• WORK TASK
When you reach the line containing "Forest Green, Teal" in the records below, start copying exactly, and stop once you have copied the line containing "T Pink Plain Band Collar Cotton T-shirt".

• INFORMATION SHOWN
====================

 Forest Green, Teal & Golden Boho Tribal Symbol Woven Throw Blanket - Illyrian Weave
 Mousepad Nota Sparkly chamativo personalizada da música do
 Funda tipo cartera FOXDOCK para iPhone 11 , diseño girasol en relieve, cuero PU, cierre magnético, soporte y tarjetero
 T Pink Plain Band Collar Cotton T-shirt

====================

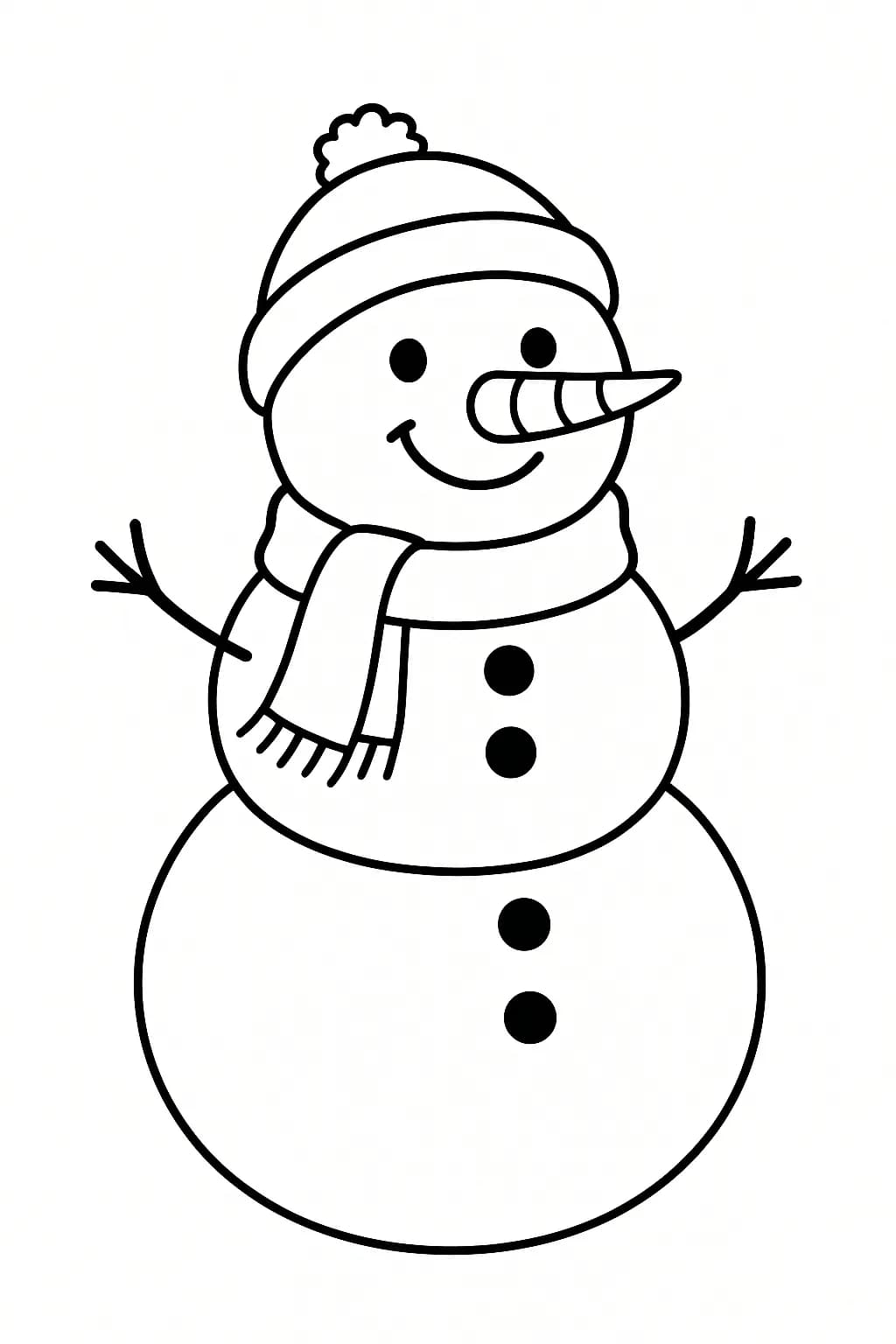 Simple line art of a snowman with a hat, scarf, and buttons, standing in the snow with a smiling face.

====================

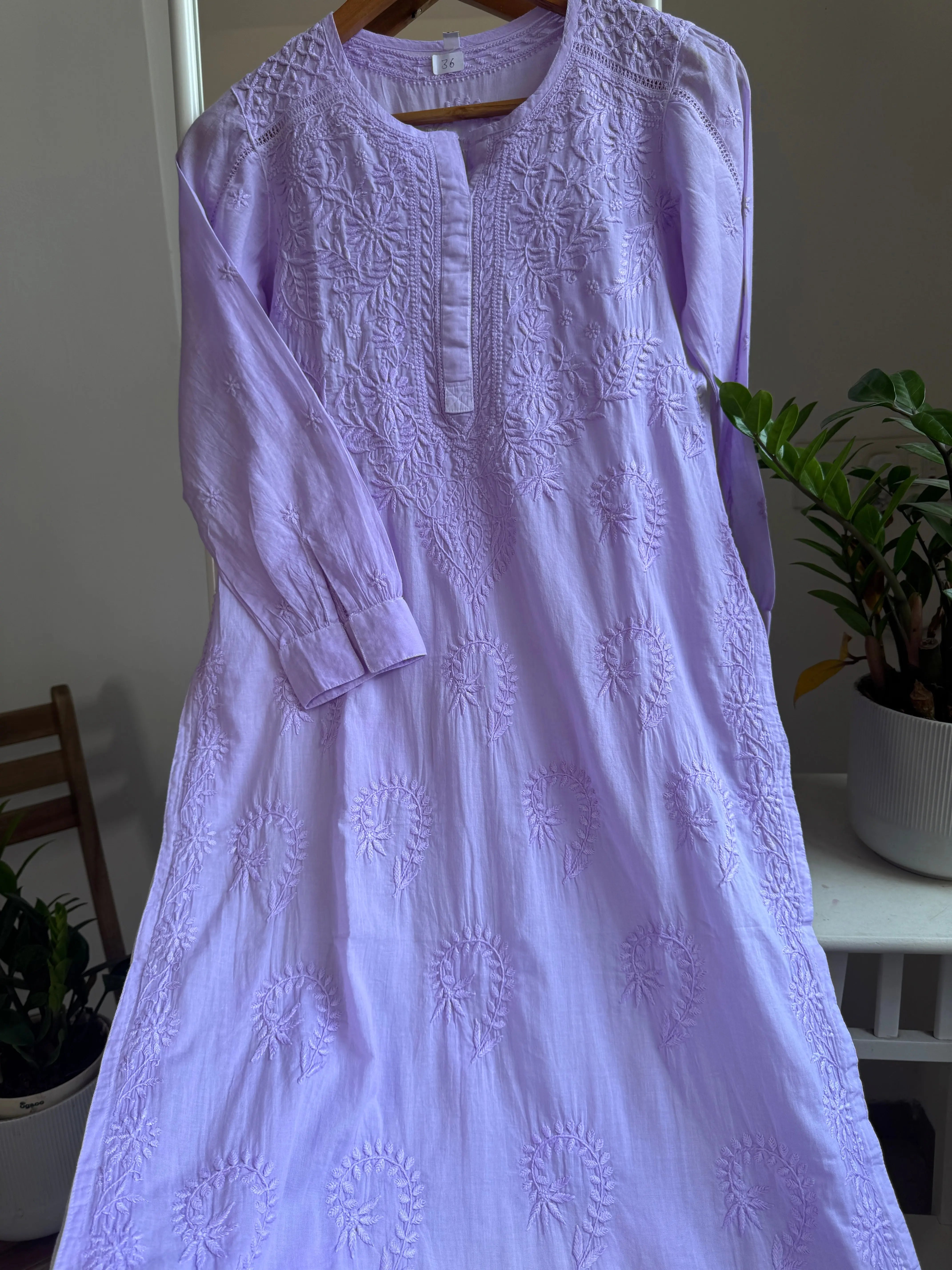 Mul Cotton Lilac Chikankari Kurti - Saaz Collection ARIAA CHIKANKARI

====================

• ANSWER AREA
 Forest Green, Teal & Golden Boho Tribal Symbol Woven Throw Blanket - Illyrian Weave
 Mousepad Nota Sparkly chamativo personalizada da música do
 Funda tipo cartera FOXDOCK para iPhone 11 , diseño girasol en relieve, cuero PU, cierre magnético, soporte y tarjetero
 T Pink Plain Band Collar Cotton T-shirt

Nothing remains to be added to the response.